The Crucible bewitches theatergoers (credit: Courtesy of Dennis Schebetta) The Crucible bewitches theatergoers (credit: Courtesy of Dennis Schebetta)

”The whole town’s talking witchcraft! They’ll be callin’ us witches, Abby!”

Carnegie Mellon’s School of Drama opened its 2013–14 season on Friday with the American classic, The Crucible. Directed by Carnegie Mellon faculty member and alumnus Tony McKay (A’69), the show features a strong cast led by senior acting major Brian Muller with a deeply moving performance as antihero John Proctor. The Crucible grabs your attention and holds it tight until long after the house lights have gone up.

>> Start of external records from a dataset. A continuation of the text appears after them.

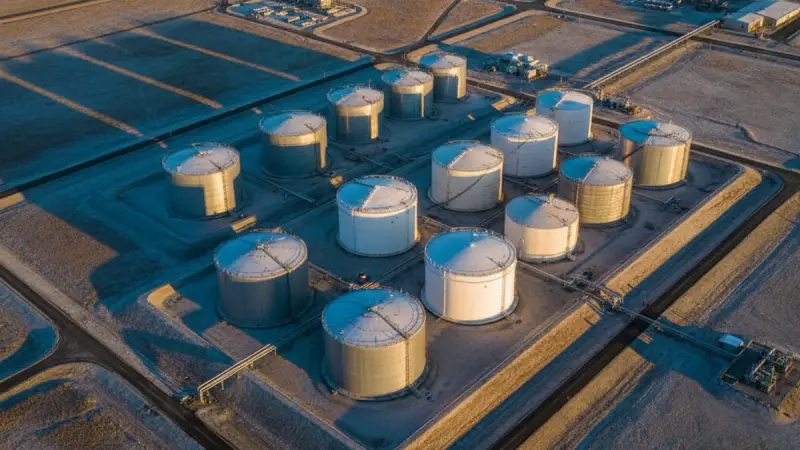 InPlay Oil's 131% production growth signals drilling surge in Alberta - FieldNews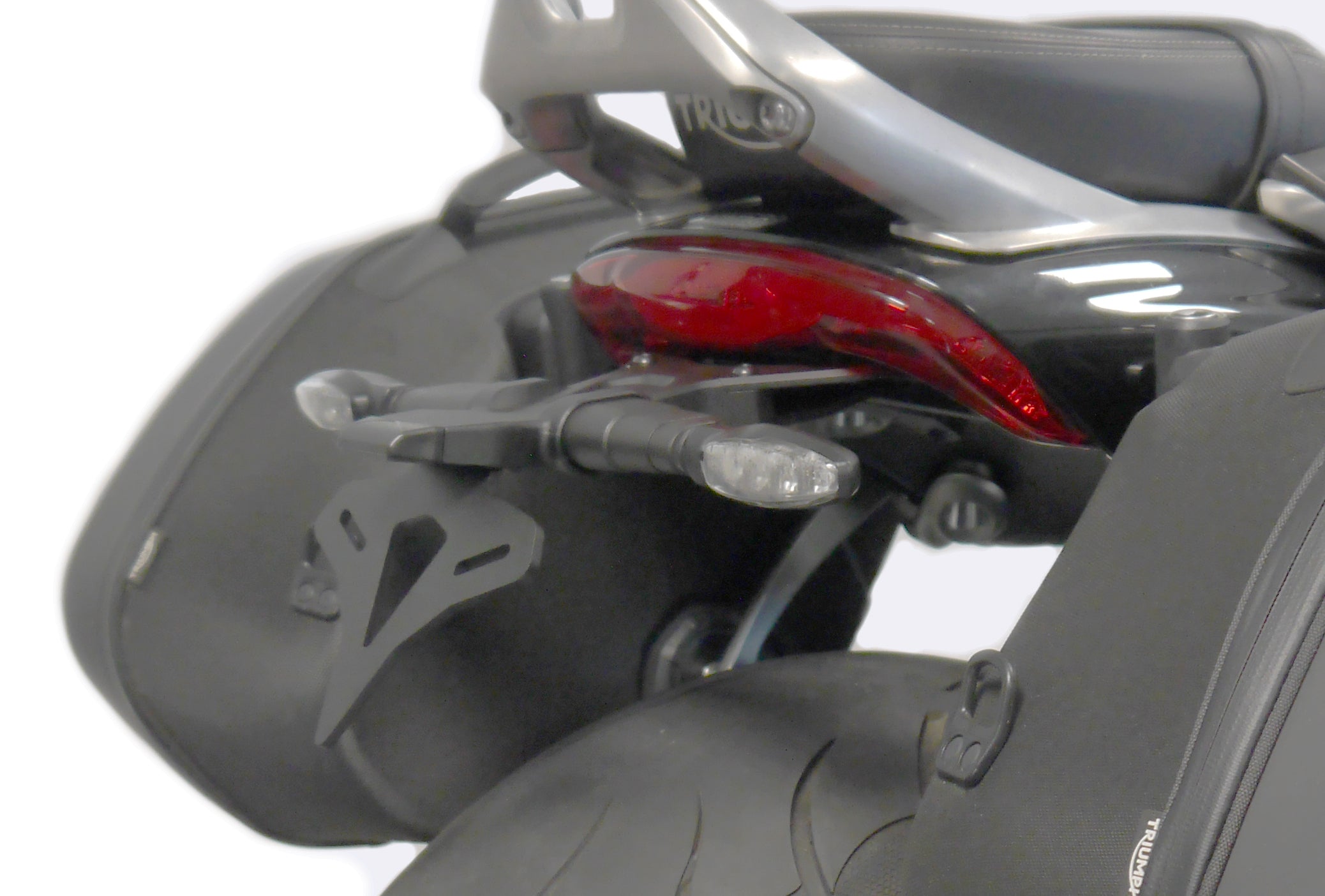 Evotech Performance Triumph Rocket 3 R Tail Tidy (2020+)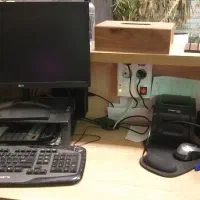 سیستم کامپیوتر|رایانه رومیزی|تهران, ایرانشهر|دیوار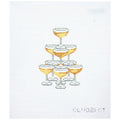 Champagne Tower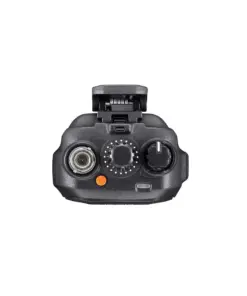 Radio HT VHF Icom IP730D.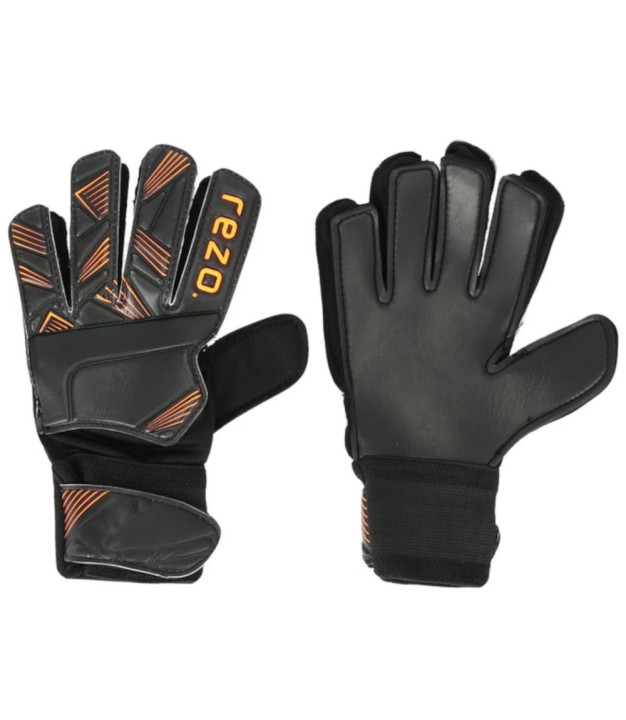 Rezo Fabien Jr. GK Football Gloves black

Written in response to the Joseph McCarthy scares of the 1950s, during which countless careers in entertainment and elsewhere were cut short by accusations of Communist leanings and intent to sabotage the American way of life, Arthur Miller’s classic The Crucible tackles head-on the horrific consequences of what happens when humans get caught up in the fervor of groupthink. Taking the story of a literal witch hunt as inspiration — the Salem Witch Trials of 1692 — Miller lays bare what exactly hysteria and wildly pointing fingers can lead to. In this case, it leads to the death of numerous innocent people whose word was simply too weak against that of their accuser.

John Proctor is a respected farmer who, unbeknownst to the pious Puritans of Salem, has had sexual relations with his former servant girl Abigail Williams, played by senior acting major Taylor Rose. When Abigail and her friends are caught dancing naked in the woods by her uncle, Reverend Samuel Parris (senior acting major Jimmy Nicholas), one of them takes fright and goes into a stupor that is mistaken for a bewitching. Parris’s suspicions balloon into a murmur of witchcraft that continues to grow as each of the girls begins claiming that they were bewitched in order to avoid trouble for breaking strict Puritan law.

As names continue to pour forth from the mouths of the girls, the residents of Salem have cause to watch all they do lest they are accused of witchcraft by a neighbor who covets their land or wishes to settle some long-standing score. All defense before the court is worthless; the accused are deemed false in all they say unless it be a confession of their crimes and a list of further names to be accused, in which case they are spared the guaranteed death penalty that comes with the crime of witchcraft.
Abigail, sensing the power she now holds in accusing her neighbors of witchery, decides to use her newfound saintly status to accuse Proctor’s wife Elizabeth, played by senior acting major Bridget Peterson, of conspiring with the devil so that she may finally fulfill her dream of being with John Proctor. Proctor, realizing this, tries to mount a defense against Abigail and her lying followers, but finds that the truth is not so well received when it causes men to realize they have been fooled.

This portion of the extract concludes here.